-- Data shown follows --
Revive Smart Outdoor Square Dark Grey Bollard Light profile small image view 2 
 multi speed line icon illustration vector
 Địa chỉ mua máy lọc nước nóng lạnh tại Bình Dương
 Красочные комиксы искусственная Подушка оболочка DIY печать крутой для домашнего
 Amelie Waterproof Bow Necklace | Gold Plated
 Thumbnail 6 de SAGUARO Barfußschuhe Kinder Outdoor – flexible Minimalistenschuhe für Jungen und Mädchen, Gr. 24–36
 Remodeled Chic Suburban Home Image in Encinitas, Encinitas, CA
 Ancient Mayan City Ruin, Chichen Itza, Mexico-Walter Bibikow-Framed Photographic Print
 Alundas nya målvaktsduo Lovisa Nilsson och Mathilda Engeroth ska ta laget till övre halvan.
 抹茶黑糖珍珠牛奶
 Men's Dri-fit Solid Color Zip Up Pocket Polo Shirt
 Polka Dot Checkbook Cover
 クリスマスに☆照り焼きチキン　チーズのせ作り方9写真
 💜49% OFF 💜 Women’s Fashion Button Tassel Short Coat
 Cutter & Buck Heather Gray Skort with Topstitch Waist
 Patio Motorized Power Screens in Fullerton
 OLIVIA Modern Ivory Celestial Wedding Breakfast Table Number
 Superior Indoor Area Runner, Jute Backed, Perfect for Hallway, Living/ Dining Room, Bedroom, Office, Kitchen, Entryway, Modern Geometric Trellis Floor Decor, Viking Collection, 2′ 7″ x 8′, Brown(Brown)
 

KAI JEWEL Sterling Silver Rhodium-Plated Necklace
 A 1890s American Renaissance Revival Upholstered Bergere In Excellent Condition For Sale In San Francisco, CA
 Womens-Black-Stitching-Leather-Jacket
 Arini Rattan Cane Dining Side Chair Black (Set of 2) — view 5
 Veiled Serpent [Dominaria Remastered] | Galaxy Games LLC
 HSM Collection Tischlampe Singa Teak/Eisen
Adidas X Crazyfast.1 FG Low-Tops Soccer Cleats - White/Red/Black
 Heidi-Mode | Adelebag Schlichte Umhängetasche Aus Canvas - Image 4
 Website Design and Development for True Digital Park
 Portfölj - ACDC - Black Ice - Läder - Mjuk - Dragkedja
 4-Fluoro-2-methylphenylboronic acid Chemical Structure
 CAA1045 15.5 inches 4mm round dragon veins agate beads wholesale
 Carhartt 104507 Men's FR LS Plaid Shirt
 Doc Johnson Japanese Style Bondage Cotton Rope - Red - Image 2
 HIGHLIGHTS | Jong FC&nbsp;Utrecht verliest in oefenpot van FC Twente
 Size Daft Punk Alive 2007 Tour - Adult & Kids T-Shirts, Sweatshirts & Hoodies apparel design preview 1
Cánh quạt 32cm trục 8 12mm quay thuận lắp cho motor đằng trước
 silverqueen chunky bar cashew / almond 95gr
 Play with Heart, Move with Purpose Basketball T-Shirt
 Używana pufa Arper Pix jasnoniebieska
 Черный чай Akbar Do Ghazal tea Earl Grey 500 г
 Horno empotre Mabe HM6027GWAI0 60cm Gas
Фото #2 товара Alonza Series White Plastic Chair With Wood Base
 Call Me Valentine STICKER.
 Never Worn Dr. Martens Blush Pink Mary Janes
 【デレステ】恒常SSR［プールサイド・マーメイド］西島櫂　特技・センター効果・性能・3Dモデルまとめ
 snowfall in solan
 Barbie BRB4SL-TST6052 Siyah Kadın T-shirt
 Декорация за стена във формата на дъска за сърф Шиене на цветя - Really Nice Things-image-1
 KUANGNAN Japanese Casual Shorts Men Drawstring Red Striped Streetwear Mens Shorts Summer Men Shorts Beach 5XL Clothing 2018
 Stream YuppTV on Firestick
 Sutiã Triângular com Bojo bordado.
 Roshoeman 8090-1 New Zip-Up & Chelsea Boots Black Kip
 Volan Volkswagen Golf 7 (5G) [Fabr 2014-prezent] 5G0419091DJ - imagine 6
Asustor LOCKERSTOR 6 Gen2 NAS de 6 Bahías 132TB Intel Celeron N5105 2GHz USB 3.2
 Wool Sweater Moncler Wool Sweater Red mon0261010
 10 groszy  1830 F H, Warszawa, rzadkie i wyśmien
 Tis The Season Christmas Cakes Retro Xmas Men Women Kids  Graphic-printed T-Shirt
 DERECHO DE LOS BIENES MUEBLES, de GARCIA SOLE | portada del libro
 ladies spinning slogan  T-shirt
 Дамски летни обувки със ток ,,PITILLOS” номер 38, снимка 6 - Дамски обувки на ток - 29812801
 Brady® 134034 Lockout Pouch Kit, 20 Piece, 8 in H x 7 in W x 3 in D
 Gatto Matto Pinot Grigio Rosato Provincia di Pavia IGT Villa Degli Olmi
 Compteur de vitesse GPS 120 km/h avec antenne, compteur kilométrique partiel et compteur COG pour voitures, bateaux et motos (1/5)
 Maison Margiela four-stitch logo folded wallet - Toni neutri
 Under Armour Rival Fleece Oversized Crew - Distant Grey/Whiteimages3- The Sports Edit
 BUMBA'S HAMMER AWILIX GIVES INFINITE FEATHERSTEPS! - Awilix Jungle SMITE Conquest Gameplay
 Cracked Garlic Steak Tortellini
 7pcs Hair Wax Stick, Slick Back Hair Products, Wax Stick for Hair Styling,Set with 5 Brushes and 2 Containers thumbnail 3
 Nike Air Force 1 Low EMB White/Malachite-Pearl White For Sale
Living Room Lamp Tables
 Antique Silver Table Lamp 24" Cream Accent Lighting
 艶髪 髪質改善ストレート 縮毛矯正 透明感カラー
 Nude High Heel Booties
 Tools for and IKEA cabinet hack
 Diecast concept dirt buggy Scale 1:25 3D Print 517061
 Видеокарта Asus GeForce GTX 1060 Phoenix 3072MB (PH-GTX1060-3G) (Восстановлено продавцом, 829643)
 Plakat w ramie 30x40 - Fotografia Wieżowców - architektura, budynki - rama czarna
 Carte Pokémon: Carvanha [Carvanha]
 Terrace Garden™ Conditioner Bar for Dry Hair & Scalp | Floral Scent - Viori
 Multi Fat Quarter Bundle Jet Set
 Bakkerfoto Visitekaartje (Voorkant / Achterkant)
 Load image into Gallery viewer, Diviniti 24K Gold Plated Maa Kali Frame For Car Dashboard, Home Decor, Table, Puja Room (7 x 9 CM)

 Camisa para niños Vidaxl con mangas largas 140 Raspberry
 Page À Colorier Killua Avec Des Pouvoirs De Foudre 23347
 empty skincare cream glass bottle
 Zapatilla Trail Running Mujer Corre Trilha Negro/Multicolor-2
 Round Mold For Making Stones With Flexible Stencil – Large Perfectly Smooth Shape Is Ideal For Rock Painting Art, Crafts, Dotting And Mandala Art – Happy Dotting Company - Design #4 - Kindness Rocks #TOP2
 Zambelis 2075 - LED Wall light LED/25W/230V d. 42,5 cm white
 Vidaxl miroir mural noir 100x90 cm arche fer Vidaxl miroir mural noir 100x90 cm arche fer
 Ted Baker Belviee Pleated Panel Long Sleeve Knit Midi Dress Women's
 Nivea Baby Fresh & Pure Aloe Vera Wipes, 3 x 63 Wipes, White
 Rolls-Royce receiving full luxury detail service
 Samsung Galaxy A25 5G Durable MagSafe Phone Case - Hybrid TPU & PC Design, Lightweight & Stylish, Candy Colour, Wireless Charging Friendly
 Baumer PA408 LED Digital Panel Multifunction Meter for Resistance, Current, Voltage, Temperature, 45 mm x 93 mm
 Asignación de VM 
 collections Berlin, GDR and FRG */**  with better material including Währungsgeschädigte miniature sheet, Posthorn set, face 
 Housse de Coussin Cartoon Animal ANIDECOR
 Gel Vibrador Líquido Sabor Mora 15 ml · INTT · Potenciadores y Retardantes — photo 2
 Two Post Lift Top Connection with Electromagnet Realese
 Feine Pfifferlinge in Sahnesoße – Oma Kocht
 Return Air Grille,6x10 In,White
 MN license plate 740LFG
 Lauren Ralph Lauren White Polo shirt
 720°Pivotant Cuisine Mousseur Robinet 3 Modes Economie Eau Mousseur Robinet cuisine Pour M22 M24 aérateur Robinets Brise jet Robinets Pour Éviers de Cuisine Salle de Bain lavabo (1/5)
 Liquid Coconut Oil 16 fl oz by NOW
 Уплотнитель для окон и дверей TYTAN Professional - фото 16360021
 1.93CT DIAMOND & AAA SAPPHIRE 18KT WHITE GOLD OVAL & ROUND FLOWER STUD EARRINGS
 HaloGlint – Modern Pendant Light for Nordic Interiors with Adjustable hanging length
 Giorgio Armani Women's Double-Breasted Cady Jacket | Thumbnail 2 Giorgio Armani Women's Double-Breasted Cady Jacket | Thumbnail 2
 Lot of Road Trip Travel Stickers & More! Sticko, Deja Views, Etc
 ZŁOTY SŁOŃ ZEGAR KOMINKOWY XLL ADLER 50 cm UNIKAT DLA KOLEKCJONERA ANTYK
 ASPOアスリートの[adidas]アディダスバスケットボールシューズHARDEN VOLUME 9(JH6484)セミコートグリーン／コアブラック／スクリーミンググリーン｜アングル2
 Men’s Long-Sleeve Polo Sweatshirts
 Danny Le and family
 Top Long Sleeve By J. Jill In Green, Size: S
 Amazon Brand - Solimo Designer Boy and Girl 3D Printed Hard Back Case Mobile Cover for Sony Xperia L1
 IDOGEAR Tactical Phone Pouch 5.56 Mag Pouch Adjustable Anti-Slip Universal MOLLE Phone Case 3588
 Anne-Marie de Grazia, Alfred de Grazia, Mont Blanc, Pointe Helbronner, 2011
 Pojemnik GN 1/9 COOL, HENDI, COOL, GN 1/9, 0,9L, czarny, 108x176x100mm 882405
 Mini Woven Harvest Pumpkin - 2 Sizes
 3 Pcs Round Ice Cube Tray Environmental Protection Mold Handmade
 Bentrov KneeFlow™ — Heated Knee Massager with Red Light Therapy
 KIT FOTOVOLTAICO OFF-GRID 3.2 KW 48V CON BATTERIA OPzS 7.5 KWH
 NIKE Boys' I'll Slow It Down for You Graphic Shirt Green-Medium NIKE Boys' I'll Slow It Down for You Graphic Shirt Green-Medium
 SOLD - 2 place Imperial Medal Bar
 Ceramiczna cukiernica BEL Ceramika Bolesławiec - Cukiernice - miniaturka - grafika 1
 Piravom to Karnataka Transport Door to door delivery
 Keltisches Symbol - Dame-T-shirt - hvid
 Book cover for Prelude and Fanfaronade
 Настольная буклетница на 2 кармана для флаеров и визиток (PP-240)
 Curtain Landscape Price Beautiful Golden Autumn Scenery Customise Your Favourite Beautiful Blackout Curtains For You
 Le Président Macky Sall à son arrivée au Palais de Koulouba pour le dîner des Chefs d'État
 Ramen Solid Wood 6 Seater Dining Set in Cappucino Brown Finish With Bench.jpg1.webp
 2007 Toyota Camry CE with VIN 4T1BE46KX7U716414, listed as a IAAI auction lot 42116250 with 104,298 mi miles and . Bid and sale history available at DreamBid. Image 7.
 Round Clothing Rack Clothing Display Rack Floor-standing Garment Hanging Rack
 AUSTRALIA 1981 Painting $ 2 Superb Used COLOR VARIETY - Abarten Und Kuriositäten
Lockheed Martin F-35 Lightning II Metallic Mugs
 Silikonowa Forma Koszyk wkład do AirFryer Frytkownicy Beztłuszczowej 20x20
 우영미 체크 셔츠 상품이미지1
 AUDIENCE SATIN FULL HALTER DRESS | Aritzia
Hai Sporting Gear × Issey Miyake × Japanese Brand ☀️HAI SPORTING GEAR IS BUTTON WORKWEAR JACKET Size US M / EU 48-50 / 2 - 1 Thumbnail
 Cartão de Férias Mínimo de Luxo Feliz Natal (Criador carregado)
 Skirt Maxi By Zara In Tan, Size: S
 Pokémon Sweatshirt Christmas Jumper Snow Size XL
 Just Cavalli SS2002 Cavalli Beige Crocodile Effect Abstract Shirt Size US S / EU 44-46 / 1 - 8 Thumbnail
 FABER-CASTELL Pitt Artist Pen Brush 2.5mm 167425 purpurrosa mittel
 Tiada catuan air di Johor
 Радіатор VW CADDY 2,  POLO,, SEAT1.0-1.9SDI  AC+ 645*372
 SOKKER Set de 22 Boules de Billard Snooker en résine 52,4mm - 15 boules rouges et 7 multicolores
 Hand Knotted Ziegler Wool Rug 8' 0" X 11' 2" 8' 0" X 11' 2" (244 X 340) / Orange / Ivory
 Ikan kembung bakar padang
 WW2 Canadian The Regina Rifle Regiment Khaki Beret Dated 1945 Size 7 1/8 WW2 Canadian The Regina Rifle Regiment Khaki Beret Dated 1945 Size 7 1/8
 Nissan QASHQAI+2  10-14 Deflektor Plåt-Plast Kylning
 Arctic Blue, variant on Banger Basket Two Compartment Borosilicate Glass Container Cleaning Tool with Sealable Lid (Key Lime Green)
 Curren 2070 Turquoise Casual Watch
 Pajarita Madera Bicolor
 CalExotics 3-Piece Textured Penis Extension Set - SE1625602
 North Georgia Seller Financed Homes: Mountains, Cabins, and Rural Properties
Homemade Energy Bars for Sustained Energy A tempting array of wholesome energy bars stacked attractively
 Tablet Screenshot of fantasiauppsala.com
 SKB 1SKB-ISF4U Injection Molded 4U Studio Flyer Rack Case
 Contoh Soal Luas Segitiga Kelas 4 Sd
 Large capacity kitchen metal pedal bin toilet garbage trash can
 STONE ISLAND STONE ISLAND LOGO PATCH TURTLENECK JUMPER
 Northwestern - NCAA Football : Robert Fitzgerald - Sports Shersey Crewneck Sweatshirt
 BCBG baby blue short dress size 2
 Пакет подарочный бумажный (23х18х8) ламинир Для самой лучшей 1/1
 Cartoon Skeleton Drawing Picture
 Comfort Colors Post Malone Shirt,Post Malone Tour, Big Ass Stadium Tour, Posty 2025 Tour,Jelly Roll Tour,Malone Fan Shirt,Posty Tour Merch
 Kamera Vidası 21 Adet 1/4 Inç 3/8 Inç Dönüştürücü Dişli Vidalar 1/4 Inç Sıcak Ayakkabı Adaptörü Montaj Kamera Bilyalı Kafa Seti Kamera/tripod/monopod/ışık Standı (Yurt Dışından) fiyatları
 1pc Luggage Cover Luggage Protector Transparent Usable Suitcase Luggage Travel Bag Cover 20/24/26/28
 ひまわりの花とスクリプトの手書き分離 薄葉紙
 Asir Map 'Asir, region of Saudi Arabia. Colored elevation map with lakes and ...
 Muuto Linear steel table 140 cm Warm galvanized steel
-- Data shown concluded --
[Task details]
Identify the lines in the entries above that contain "Travel", then copy them out.

[Exercise output]
 Lot of Road Trip Travel Stickers & More! Sticko, Deja Views, Etc
 1pc Luggage Cover Luggage Protector Transparent Usable Suitcase Luggage Travel Bag Cover 20/24/26/28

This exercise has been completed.